Head SHA: 41d6c846e7ec202c56299d8f1b790090004b230f

Overall Assessment

⚠️ Needs changes

Executive Summary

Re-review: the prior cluster/Webb guidance issue appears resolved. The new tutorial now describes multiplier-bootstrap weight options without importing unsupported clustered-inference advice for EfficientDiD.
Re-review: most of the earlier PT-Post/Callaway-Sant’Anna equivalence overstatement has been corrected, but two residual phrases still present PT-Post as generally “CS-equivalent.”
That is still broader than the documented and tested behavior: PT-Post in this library fixes the baseline at g-1-anticipation, CallawaySantAnna still defaults to base_period="varying", and the exact-match regression test only asserts post-treatment ATT(g,t) equality.
The new API page and notebook still use a citation variant that does not match the Methodology Registry’s canonical EfficientDiD reference.
I did not find code quality, performance, maintainability, tech-debt, or security blockers in the changed files.

Methodology

Severity P1. Impact: the re-review still leaves residual PT-Post equivalence wording in docs/tutorials/15_efficient_did.ipynb:L77 and docs/choosing_estimator.rst:L241. That wording is broader than the method described in docs/methodology/REGISTRY.md:L493, the PT-Post implementation in diff_diff/efficient_did_weights.py:L59 and diff_diff/efficient_did.py:L313, the default CS base-period behavior in diff_diff/staggered.py:L475, and the exact-match test scope in tests/test_efficient_did.py:L908. Users can still reasonably read “CS-equivalent” / “same point estimates as CS” as full equivalence, even though the implementation only aligns cleanly with post-treatment ATT(g,t) under the never-treated comparison. Concrete fix: rewrite those remaining phrases to say “matches CallawaySantAnna(control_group='never_treated') for post-treatment ATT(g,t) / post-treatment aggregations,” and note that pre-treatment/event-study comparisons differ under CS’s default base_period="varying" unless CS is compared with base_period="universal".

Code Quality

No findings.

Performance

No findings.

Maintainability

No findings.

Tech Debt

No findings. This PR appears to address the tracked EfficientDiD docs/tutorial item in TODO.md:L49.

Security

No findings.

Documentation/Tests

Severity P3. Impact: the new EfficientDiD API page and tutorial still use a bibliography form that differs from the Methodology Registry’s canonical reference in docs/methodology/REGISTRY.md:L484; see docs/api/efficient_did.rst:L29 and docs/tutorials/15_efficient_did.ipynb:L502. This is informational, but it makes methodology references less consistent to audit. Concrete fix: reuse the registry citation text verbatim in the API page and notebook, or centralize the citation so the docs cannot drift.

Path to Approval

Replace the remaining unscoped PT-Post/CS-equivalence wording in the tutorial intro and chooser example with wording limited to post-treatment ATT(g,t) / post-treatment aggregations, and explicitly preserve the existing caveat that CS’s default pre-treatment/event-study outputs differ because of base_period="varying".

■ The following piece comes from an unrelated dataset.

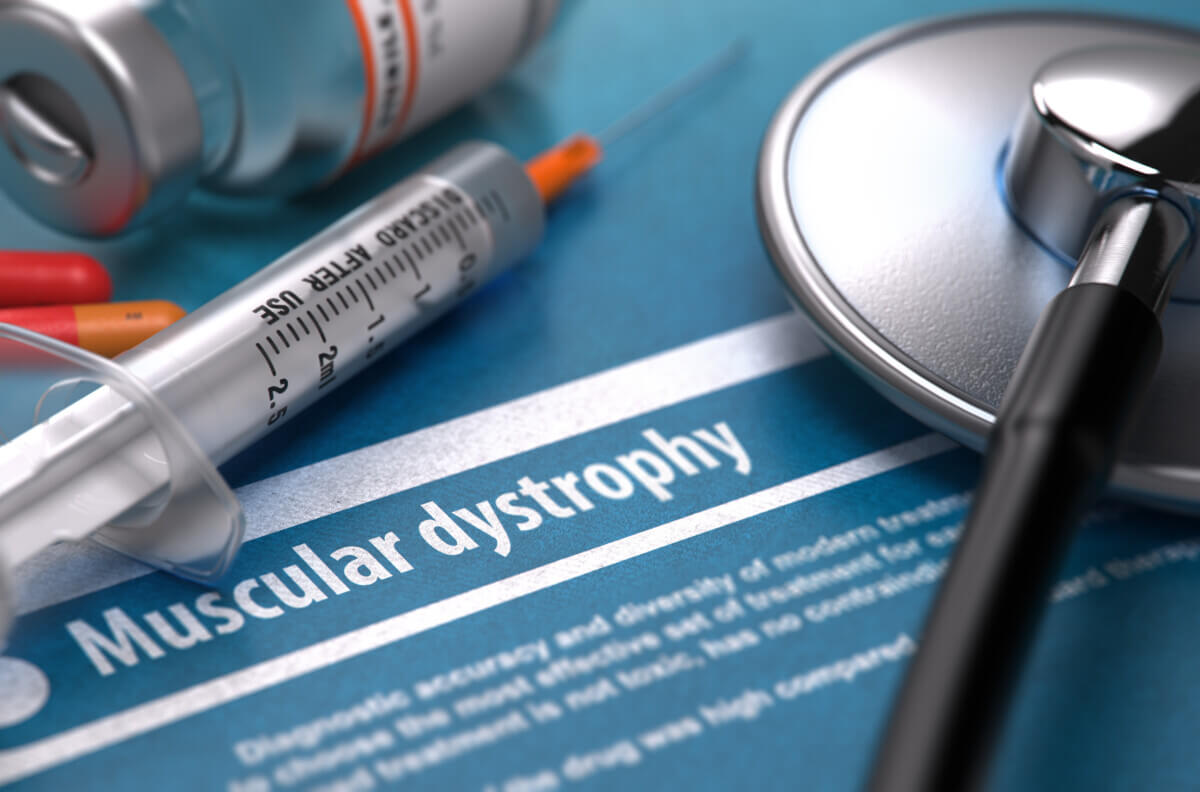 Muscular dystrophy. Medical Concept on Blue Background.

- Scope "same point estimates as CS" → "matching post-treatment ATT(g,t) with CS" - Scope "CS-equivalent" → "post-treatment CS match" in code comment - Remove "*Working Paper*" suffix from citations to match REGISTRY.md Co-Authored-By: Claude Opus 4.6 (1M context) <noreply@anthropic.com>

igerber · 2026-03-15T16:21:59Z

/ai-review

github-actions · 2026-03-15T16:26:49Z

🔁 AI review rerun (requested by @igerber)

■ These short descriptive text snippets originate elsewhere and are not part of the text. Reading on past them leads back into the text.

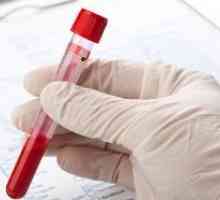 Niski poziom hemoglobiny (anemia)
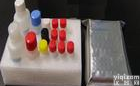 人<em>血清</em>/糖皮质激素调节<em>激酶</em>2(GSK2)ELISA<em>试剂盒</em>价格，人ELISA<em>试剂盒</em>说明书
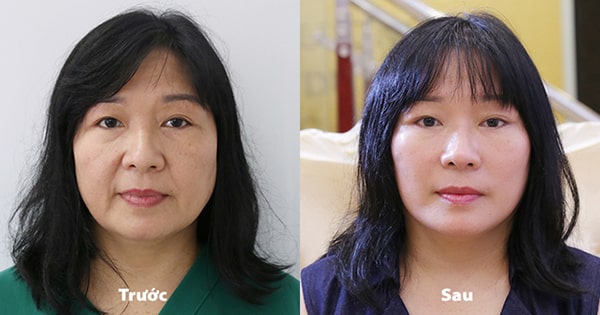 căng da mặt bằng chỉ tại Học viện sắc đẹp Fusion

Head SHA: e13c358f1618f445d51eefe6c11aa142d874701d

Overall Assessment

⚠️ Needs changes

Executive Summary

Re-review: the prior P1 around PT-Post/Callaway-Sant’Anna equivalence wording appears resolved. The updated docs now scope the match to post-treatment outputs and keep the pre-treatment caveat in docs/tutorials/15_efficient_did.ipynb:L144 and docs/choosing_estimator.rst:L241-L244.
[Newly identified] The tutorial’s intuition section still misstates the PT-All comparison set by treating period_1 as an additional valid baseline. The registry, implementation, and tests all exclude period_1 from the overidentifying (g', t_pre) index set because Y_1 is already the universal reference.
The canonical EfficientDiD citation now matches the Methodology Registry in the new API page and tutorial summary, resolving the earlier citation-consistency note in docs/api/efficient_did.rst:L29-L30 and docs/tutorials/15_efficient_did.ipynb:L488.
I did not find code-quality, performance, maintainability, tech-debt, security, or test blockers in the changed files.

Methodology

Severity P1 [Newly identified]. Impact: docs/tutorials/15_efficient_did.ipynb:L66 says that for ATT(g=5, t=6), “periods 1, 2, 3 can all serve as valid baselines.” That is not the method implemented here. The registry explicitly notes that PT-All excludes period_1 from the candidate (g', t_pre) set because Y_1 is the universal reference, and the implementation/tests enforce exactly that rule in docs/methodology/REGISTRY.md:L607-L609, diff_diff/efficient_did_weights.py:L87-L99, and tests/test_efficient_did.py:L543-L583. This is an undocumented mismatch between the tutorial and the source-backed implementation. Concrete fix: rewrite that paragraph so it states that period_1 is the fixed Y_1 reference, while additional PT-All baselines start after period_1 and must satisfy t_pre < g' for the chosen comparison cohort.

Code Quality

No findings.

Performance

No findings.

Maintainability

No findings.

Tech Debt

No findings. This PR appears to address the tracked docs/tutorial item in TODO.md:L49.

Security

No findings.

Documentation/Tests

No findings.

Path to Approval

Correct the PT-All intuition paragraph in docs/tutorials/15_efficient_did.ipynb:L66 so it no longer presents period_1 as an extra valid baseline and instead describes the implemented valid-pair rule (Y_1 fixed as the universal reference; overidentifying t_pre values begin after period_1 and must be pre-treatment for the comparison cohort).

The tutorial incorrectly stated "periods 1, 2, 3 can all serve as valid baselines". Period 1 is the universal Y_1 reference and is excluded per REGISTRY.md and efficient_did_weights.py. Corrected to "periods 2 and 3". Co-Authored-By: Claude Opus 4.6 (1M context) <noreply@anthropic.com>

igerber · 2026-03-15T17:09:36Z

/ai-review

github-actions · 2026-03-15T17:16:00Z

🔁 AI review rerun (requested by @igerber)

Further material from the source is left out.